Planning an exit strategy is just a safety net. Cortés was on a mission, and he knew the only way to keep himself or his men from quitting was to take the option off the table. Often, leaders revert back to what they know because it’s easier. To be successful, you need to take challenges head-on, fully committed (eliminating deadweight, embracing new processes or operating frameworks, etc.). Change doesn’t have a chance of working if you’ve already mapped out the off-ramp. In business, you have a choice of either doing what you’ve committed to or not.

  • What are your ships? Have you burned them yet? What are you afraid to let go of?

9.

Communicate and Connect

We get stuck in silos of texts and emails, floating through daily life with our headphones on. We neglect to get in a room and talk with one another enough.  What if you took the time to really connect with someone — venturing beyond just saying hi in the hallway?

You never know the value you could be giving (or getting) by simply connecting. We must communicate to truly connect. Once a connection is solidified, calls, emails, and texts can be utilized more often.
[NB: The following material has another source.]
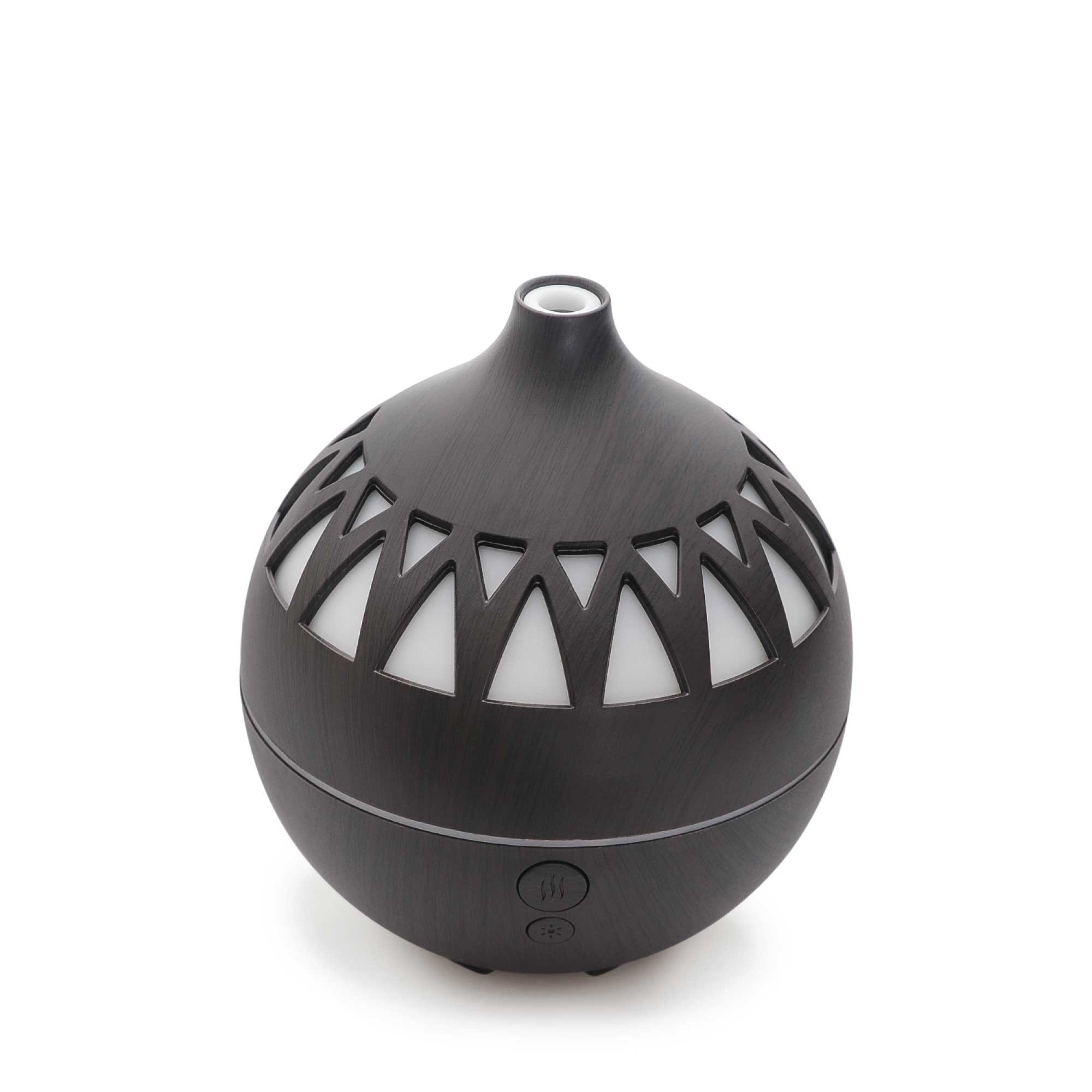 Essential Oil Aroma Diffuser - 180ml USB LED Dark Wood Mist Humidifier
But face-to-face interaction is imperative to build a strong element of trust, rapport, and connection.

  • Think of someone you’d like to build a stronger relationship with. Now, ask them to lunch or to have coffee. If time is an issue, think about ways that might help you connect the next time you run into each other.

10.

Be Infectious

Being infectious is about energy. It’s the law of attraction: if you give off negative energy, you will attract negative energy. If you give off positive energy by being passionate about what you do, being present, finding ways to pump others up, showing gratitude and grace, you will receive it in return.

What many don’t realize is that it’s a conscious choice, but if you can live by this principle, it has a multiplicative effect to others around you. You can’t help but feel good being around positive people. It positions you to do what you need to serve your employees and clients best.

  • Are you aware of what type of energy you radiate? Is it negative or positive?

The Takeaway: these guidelines will help you create an actionable blueprint to help you and your team pave the way for success. If you have the discipline to follow them, you will see results and be on the path to get others rallied around your vision, too.